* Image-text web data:
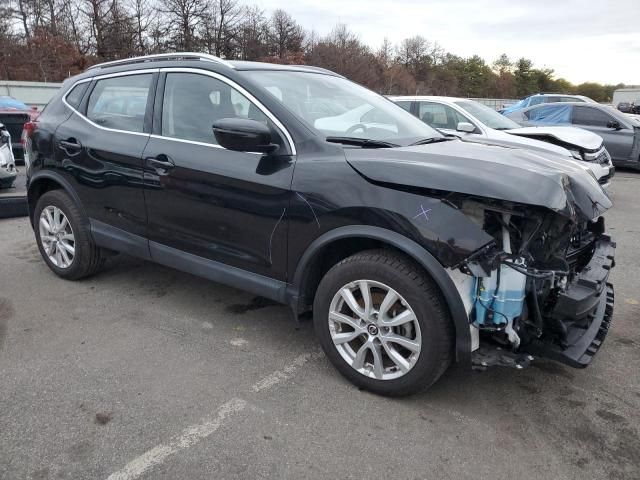 2020 Nissan Rogue Sport S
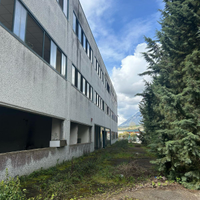 Capannone industriale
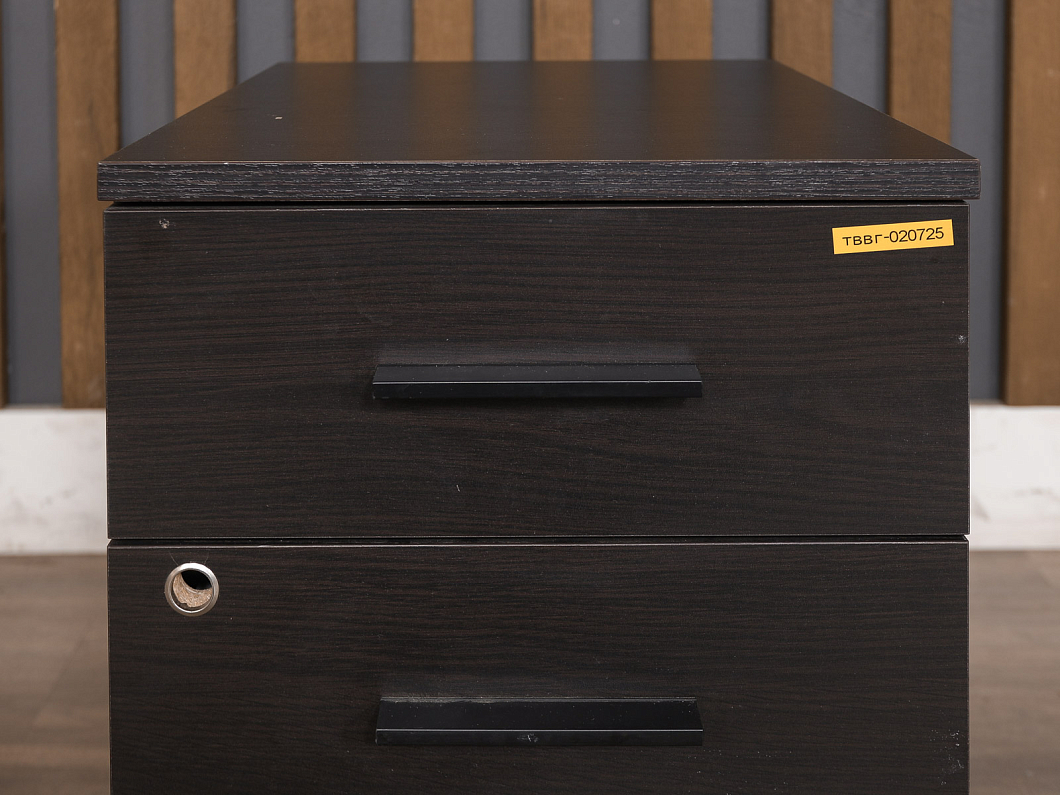 Тумба подкатная ЛДСП Вишня (ТВВГ-020725)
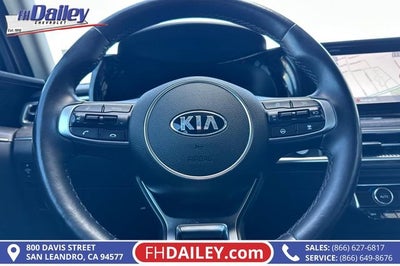 2021 Kia K5 EX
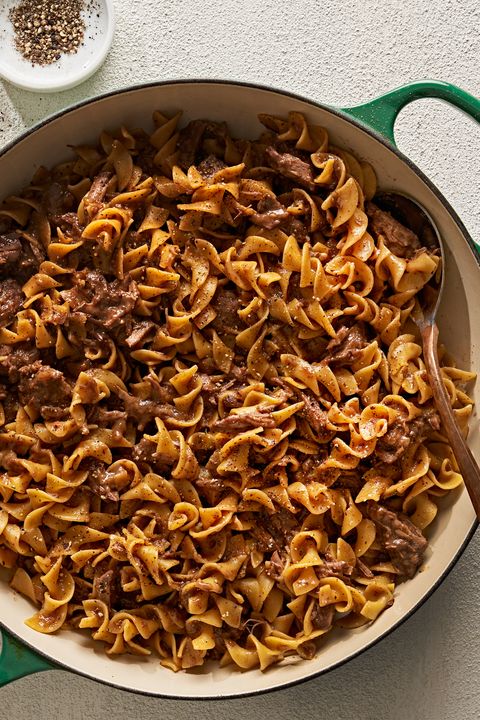 amish beef and noodles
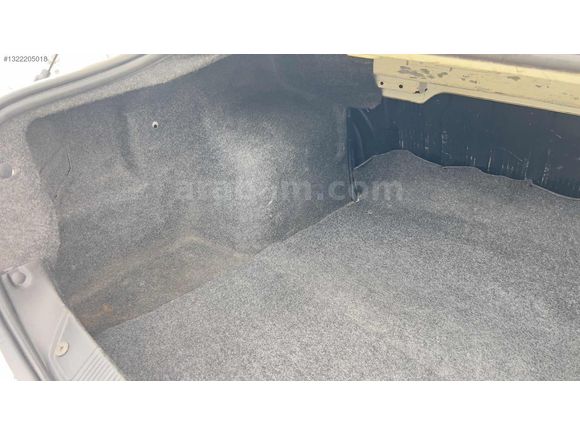 ASAS AUTO'dan 2012 model 1.3 dizel aile aracı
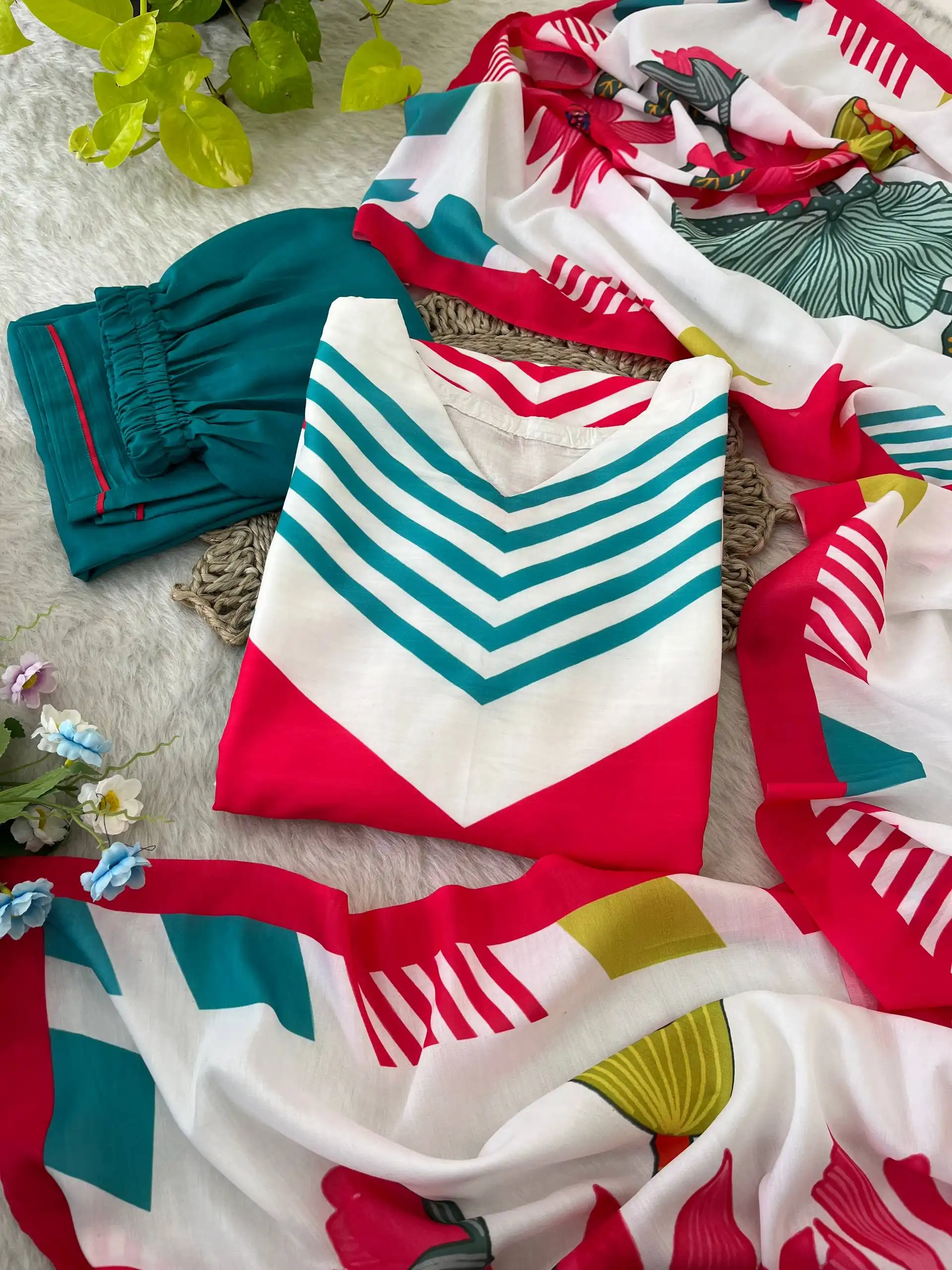 Alia Vol 101 Readymade Dress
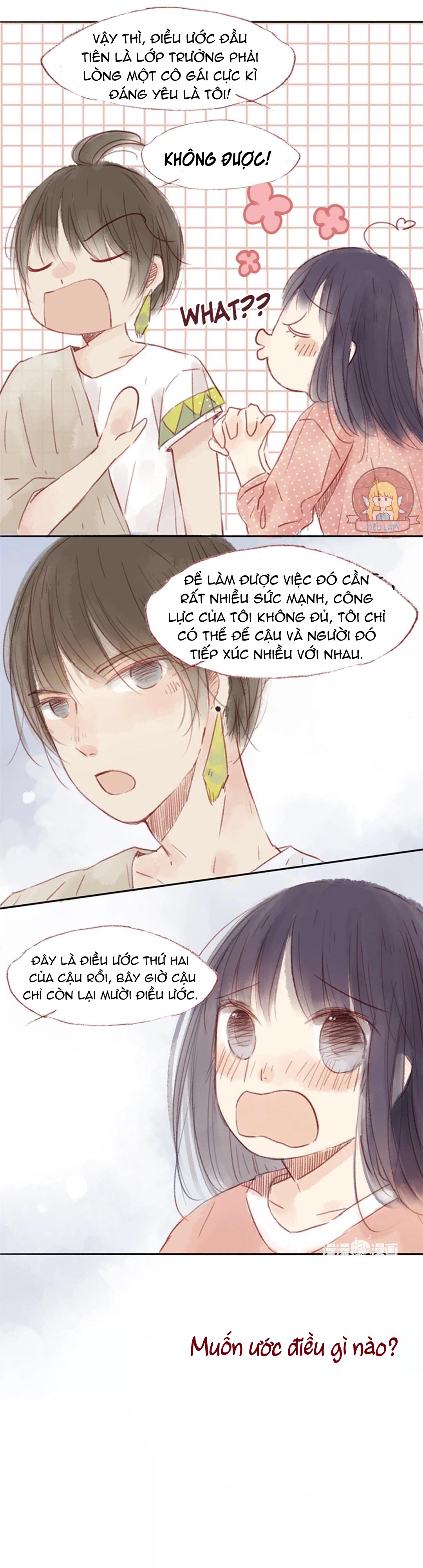 phế sài thần đăng và công chúa chapter 3 15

* Problem to work on: Without any pictures, retype the records above exactly.

* Result for this task:
 2020 Nissan Rogue Sport S
 Capannone industriale
 Тумба подкатная ЛДСП Вишня (ТВВГ-020725)
 2021 Kia K5 EX
 amish beef and noodles
 ASAS AUTO'dan 2012 model 1.3 dizel aile aracı
 Alia Vol 101 Readymade Dress
 phế sài thần đăng và công chúa chapter 3 15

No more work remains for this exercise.